BRIEF
Only an exact repeat of the listing, without its images, counts as the answer.

====

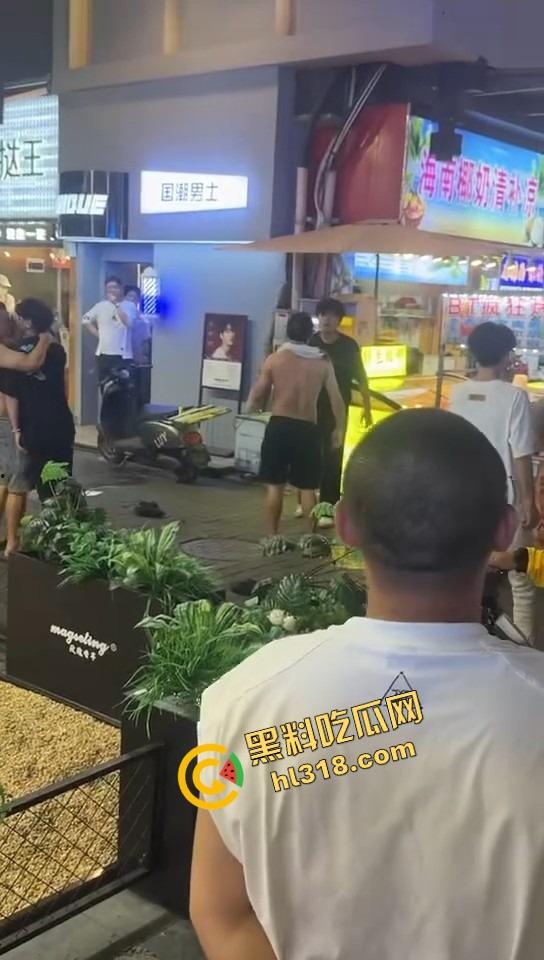 白云区老楼顶炸场,精神小伙带小妹空降大叔地盘,十几人混战,岁数终究敌不过荷尔蒙!-9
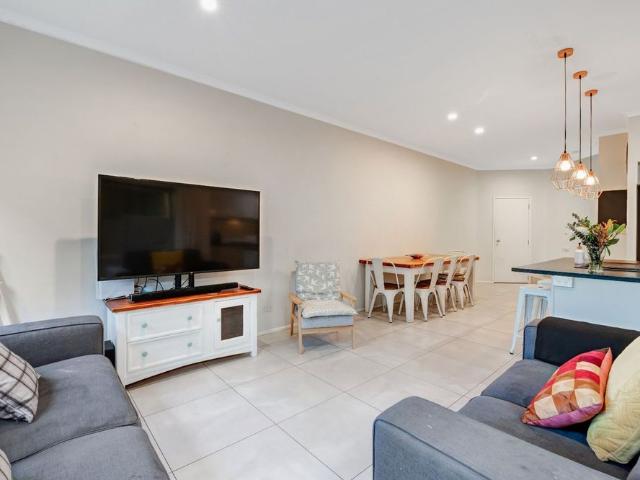 Townhouse for rent in Whangaparaoa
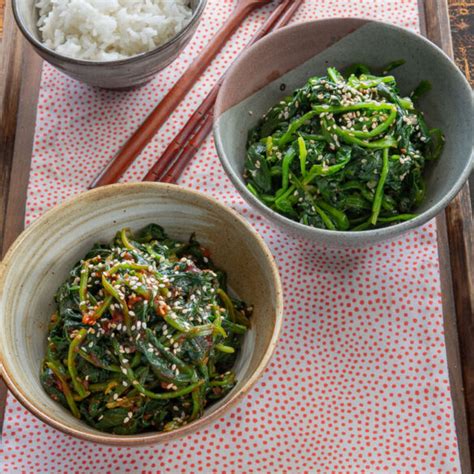 Korean Spinach Side Dish Sigeumchi Namul Beyond Kimchee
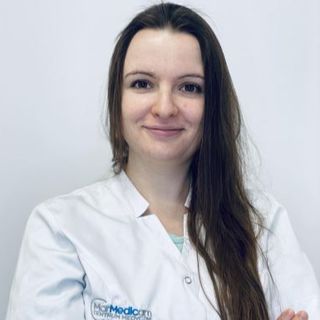 Powiększ obraz: Urszula Chwedoruk, stomatolog Jaworzno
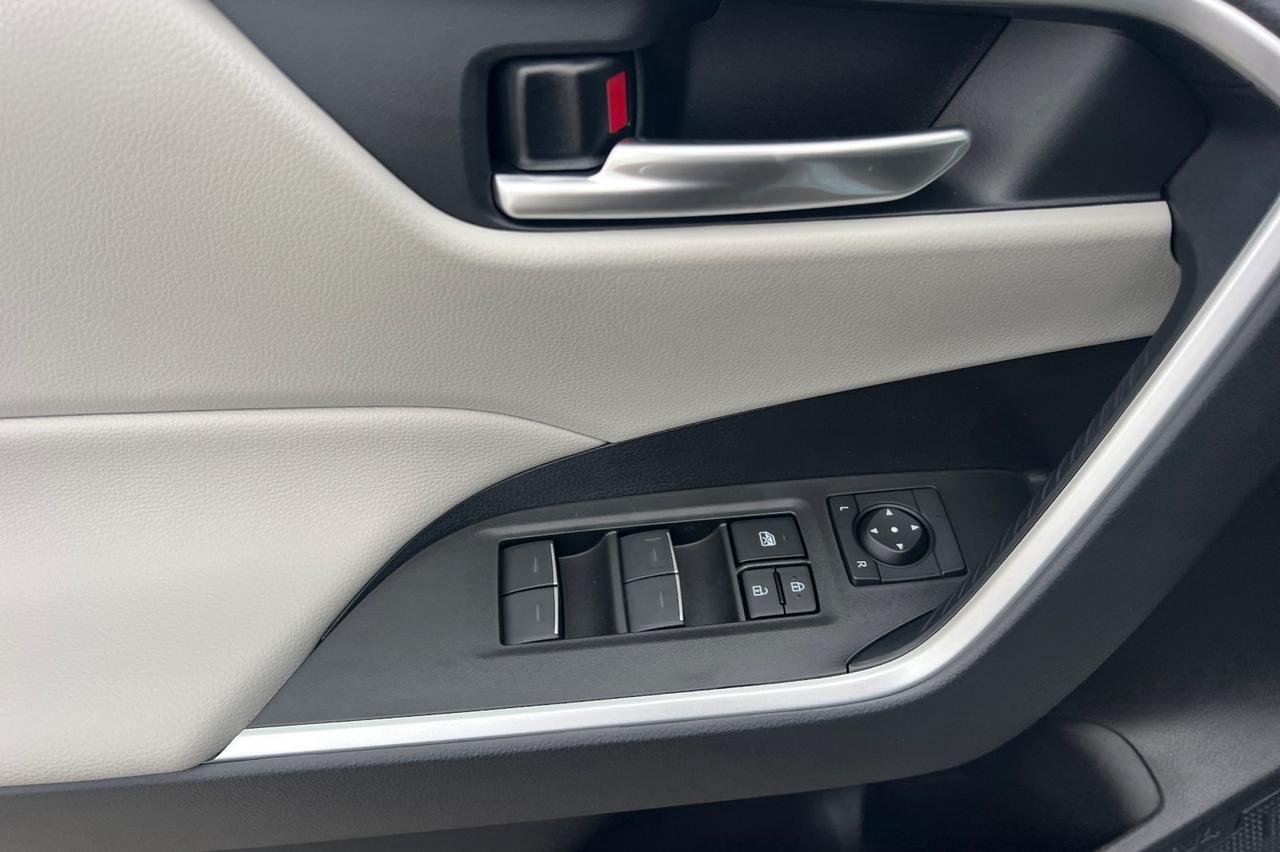 2025 Toyota RAV4 XLE Ontario OR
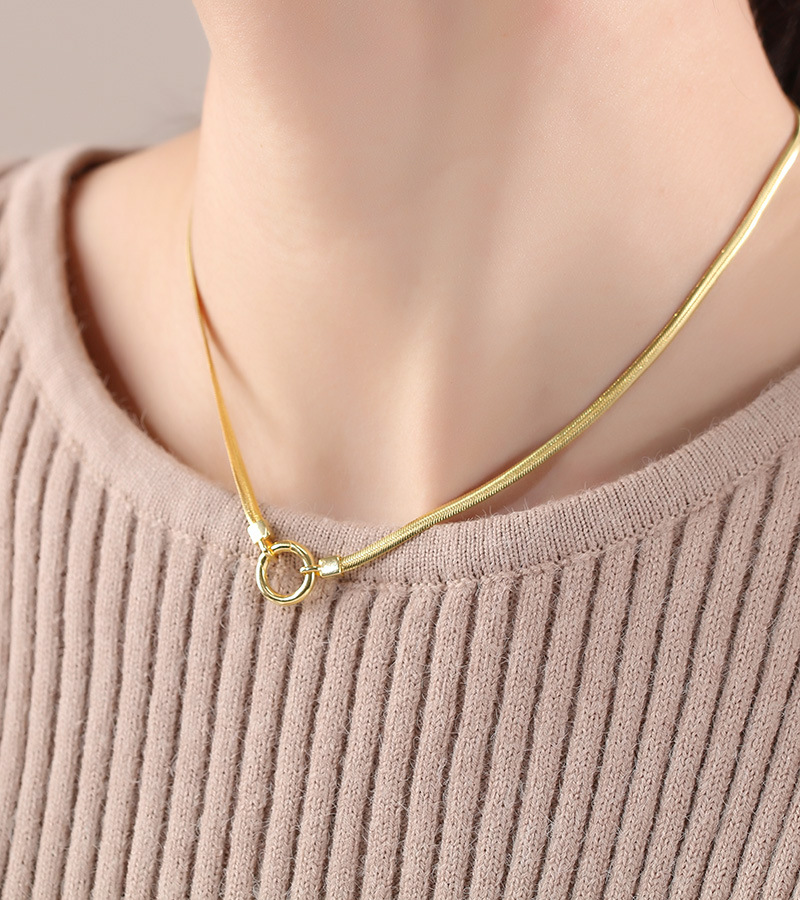 S925 plata de serpiente suave hueso de serpiente plana cadena collar joyería de las mujeres de alto grado sentido nicho anillo hebilla Cadena de clavícula caliente venta accesorios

====

RESPONSE
 白云区老楼顶炸场,精神小伙带小妹空降大叔地盘,十几人混战,岁数终究敌不过荷尔蒙!-9
 Townhouse for rent in Whangaparaoa
 Korean Spinach Side Dish Sigeumchi Namul Beyond Kimchee
 Powiększ obraz: Urszula Chwedoruk, stomatolog Jaworzno
 2025 Toyota RAV4 XLE Ontario OR
 S925 plata de serpiente suave hueso de serpiente plana cadena collar joyería de las mujeres de alto grado sentido nicho anillo hebilla Cadena de clavícula caliente venta accesorios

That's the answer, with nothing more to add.